A more balanced approach might be to recognize that both short and long half-live materials can be serious hazards, but usually for somewhat different reasons. Also, the devil is very much in the details here, because issues such as how your body absorbs the isotopes is also very, very important.

Radioisotopes with short half-lives are dangerous for the straightforward reason that they can dose you very heavily (and fatally) in a short time. Such isotopes have been the main causes of radiation poisoning and death after above-ground explosions of nuclear weapons.

Iodine is an example where preferential absorption by the human body can further aggravate the dangers of short-lived isotopes.

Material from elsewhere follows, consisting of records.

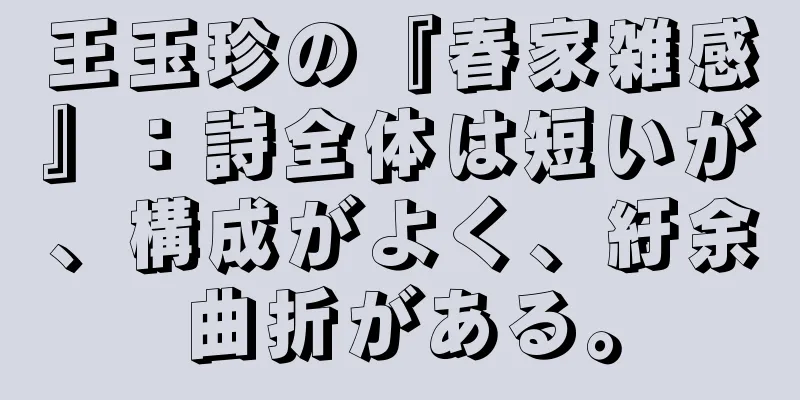 王玉珍の『春家雑感』：詩全体は短いが、構成がよく、紆余曲折がある。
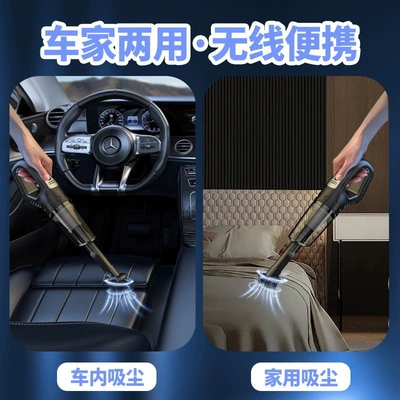 pet vacuum cleaner for home use, Tozsoranlar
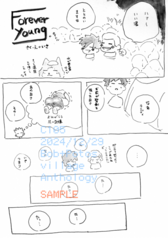 サンプル画像 No.5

Long-term isotopes are more complicated. They don't dose as heavily, but there are a lot more issues than just that. Plutonium for example is comparatively long-lived, but some of its decay products can be quite nasty. Also, plutonium happens to be particularly toxic due to its chemistry, which aggravates the damage it can do.

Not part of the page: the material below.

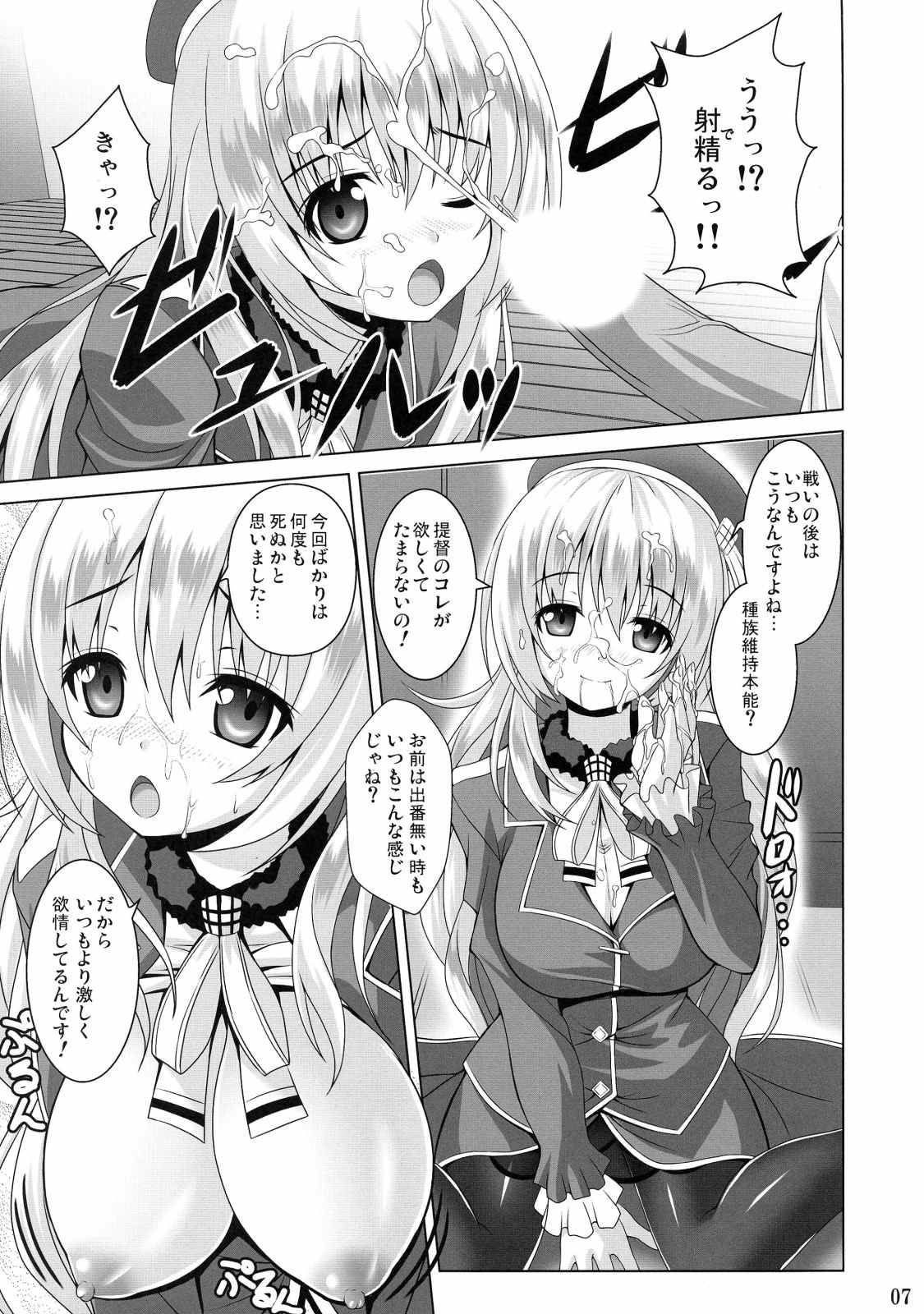 AQUA SPLASH 6ページ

The biggest danger from radioisotopes with mid-to-long half lives is that they can keep an entire region of earth nastily radioactive for a very long time, e.g. hundreds or thousands or even tens of thousand of years. That's the main reason why disposing of reactor wastes, which often contain just such isotopes, is such a contentious issue.

At the extreme end are isotopes that are so long-lived that their hazard levels are close to zero. Uranium-238, the kind left after the fissile 235 is removed, pretty well falls into this category. Bismuth (as in the main ingredient in a popular pink stomach relief aid) is ironically in this category, with a half-life so long it's hard even to tell that it is radioactive.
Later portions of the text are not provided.